Stored items:
*** Begin section ***

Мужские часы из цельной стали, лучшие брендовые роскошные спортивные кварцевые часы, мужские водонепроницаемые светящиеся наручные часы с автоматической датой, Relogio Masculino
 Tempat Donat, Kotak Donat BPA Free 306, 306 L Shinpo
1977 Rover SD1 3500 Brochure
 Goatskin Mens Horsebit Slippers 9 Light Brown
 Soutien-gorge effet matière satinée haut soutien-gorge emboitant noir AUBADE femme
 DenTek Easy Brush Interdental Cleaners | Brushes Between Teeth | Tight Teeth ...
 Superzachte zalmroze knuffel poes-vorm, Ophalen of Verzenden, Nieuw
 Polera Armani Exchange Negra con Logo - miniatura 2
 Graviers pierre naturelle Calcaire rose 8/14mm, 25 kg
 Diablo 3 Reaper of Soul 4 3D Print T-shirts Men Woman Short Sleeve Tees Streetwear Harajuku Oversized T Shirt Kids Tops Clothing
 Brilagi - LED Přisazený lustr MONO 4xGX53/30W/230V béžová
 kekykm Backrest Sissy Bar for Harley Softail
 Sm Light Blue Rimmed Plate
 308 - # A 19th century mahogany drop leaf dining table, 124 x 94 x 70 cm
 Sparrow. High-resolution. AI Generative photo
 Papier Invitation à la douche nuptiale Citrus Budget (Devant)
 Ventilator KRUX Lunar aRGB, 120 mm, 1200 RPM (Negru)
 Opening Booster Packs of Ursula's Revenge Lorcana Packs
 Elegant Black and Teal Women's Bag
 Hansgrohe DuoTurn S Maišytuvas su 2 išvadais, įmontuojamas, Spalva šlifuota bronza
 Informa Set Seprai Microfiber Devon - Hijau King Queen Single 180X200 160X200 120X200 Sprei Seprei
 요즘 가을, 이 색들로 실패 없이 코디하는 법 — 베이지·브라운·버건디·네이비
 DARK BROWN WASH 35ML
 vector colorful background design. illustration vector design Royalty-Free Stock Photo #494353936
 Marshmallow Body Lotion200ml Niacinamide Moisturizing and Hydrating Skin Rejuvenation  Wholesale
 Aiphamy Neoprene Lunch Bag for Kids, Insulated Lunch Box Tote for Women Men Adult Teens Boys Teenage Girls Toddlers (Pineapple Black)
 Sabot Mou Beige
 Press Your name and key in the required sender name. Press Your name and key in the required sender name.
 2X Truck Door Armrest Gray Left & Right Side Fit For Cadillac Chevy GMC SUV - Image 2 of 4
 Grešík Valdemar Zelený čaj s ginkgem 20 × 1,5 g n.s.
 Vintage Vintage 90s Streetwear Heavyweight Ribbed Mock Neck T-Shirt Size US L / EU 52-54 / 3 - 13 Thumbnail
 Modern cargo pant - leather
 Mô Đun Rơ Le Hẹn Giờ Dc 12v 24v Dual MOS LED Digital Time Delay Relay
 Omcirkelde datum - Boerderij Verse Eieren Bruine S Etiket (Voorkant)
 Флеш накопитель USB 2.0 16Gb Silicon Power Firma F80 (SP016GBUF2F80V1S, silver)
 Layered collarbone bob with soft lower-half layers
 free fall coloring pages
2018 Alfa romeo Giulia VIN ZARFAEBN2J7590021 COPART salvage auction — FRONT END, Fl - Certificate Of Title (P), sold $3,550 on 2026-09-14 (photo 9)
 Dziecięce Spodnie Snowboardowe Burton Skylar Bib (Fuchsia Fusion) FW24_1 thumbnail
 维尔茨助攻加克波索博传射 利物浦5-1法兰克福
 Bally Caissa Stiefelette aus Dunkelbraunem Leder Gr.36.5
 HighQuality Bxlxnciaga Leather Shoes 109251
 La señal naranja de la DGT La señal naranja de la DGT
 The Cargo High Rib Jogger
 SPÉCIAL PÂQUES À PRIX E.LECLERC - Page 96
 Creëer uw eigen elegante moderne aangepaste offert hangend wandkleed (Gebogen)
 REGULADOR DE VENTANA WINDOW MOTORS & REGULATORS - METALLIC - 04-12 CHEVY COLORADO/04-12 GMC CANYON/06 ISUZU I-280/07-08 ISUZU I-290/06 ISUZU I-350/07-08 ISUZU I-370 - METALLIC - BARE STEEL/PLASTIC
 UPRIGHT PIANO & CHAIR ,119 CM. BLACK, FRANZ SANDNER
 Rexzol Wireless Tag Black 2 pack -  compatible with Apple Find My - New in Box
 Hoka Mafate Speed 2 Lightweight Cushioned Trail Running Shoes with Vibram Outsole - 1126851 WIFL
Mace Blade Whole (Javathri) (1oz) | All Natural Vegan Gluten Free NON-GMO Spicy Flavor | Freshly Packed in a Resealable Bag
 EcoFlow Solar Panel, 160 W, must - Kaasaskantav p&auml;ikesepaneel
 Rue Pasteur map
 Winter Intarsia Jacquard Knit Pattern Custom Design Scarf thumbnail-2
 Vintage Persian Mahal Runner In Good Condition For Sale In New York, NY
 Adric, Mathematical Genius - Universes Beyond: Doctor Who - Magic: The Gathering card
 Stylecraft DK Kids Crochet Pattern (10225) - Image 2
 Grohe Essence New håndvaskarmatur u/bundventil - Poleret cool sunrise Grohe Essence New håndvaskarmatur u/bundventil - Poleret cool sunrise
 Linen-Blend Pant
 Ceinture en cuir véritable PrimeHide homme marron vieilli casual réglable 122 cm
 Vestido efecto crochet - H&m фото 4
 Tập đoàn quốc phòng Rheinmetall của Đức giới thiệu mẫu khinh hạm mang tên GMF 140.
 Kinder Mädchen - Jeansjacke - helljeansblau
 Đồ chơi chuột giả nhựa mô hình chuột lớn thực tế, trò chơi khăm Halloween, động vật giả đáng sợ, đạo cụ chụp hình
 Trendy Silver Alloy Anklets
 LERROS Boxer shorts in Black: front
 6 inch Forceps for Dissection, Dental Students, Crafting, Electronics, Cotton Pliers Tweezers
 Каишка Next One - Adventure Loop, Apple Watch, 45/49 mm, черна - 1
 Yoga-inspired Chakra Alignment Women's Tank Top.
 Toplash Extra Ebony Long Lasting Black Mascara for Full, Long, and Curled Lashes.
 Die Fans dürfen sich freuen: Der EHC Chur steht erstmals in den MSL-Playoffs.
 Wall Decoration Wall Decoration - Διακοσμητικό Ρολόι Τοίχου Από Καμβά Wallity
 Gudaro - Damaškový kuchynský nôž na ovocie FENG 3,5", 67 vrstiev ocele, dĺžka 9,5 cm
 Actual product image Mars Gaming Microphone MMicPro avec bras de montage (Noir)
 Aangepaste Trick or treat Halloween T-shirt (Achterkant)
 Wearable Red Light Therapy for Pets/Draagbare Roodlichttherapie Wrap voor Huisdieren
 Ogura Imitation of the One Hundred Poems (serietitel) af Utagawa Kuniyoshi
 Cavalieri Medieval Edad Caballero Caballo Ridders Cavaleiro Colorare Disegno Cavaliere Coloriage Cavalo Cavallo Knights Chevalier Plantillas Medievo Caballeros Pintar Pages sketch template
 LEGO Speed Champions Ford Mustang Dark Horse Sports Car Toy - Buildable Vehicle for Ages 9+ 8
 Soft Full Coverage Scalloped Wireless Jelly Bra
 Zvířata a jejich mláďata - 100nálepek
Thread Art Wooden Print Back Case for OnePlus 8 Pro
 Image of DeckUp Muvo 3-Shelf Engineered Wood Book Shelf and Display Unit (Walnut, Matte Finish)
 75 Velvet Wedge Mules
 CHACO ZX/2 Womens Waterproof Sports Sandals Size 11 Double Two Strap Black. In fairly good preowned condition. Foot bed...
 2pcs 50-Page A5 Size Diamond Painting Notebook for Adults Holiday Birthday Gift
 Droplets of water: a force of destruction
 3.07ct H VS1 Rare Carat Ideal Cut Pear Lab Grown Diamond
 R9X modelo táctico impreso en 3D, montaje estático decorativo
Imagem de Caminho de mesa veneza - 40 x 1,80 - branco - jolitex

*** End section ***

A word-for-word copy of the lines above from the one with "Vintage Vintage 90s" through the one with "SPÉCIAL PÂQUES À PRIX E.LECLERC - Page 96", inclusive, is the only output wanted.

 Vintage Vintage 90s Streetwear Heavyweight Ribbed Mock Neck T-Shirt Size US L / EU 52-54 / 3 - 13 Thumbnail
 Modern cargo pant - leather
 Mô Đun Rơ Le Hẹn Giờ Dc 12v 24v Dual MOS LED Digital Time Delay Relay
 Omcirkelde datum - Boerderij Verse Eieren Bruine S Etiket (Voorkant)
 Флеш накопитель USB 2.0 16Gb Silicon Power Firma F80 (SP016GBUF2F80V1S, silver)
 Layered collarbone bob with soft lower-half layers
 free fall coloring pages
2018 Alfa romeo Giulia VIN ZARFAEBN2J7590021 COPART salvage auction — FRONT END, Fl - Certificate Of Title (P), sold $3,550 on 2026-09-14 (photo 9)
 Dziecięce Spodnie Snowboardowe Burton Skylar Bib (Fuchsia Fusion) FW24_1 thumbnail
 维尔茨助攻加克波索博传射 利物浦5-1法兰克福
 Bally Caissa Stiefelette aus Dunkelbraunem Leder Gr.36.5
 HighQuality Bxlxnciaga Leather Shoes 109251
 La señal naranja de la DGT La señal naranja de la DGT
 The Cargo High Rib Jogger
 SPÉCIAL PÂQUES À PRIX E.LECLERC - Page 96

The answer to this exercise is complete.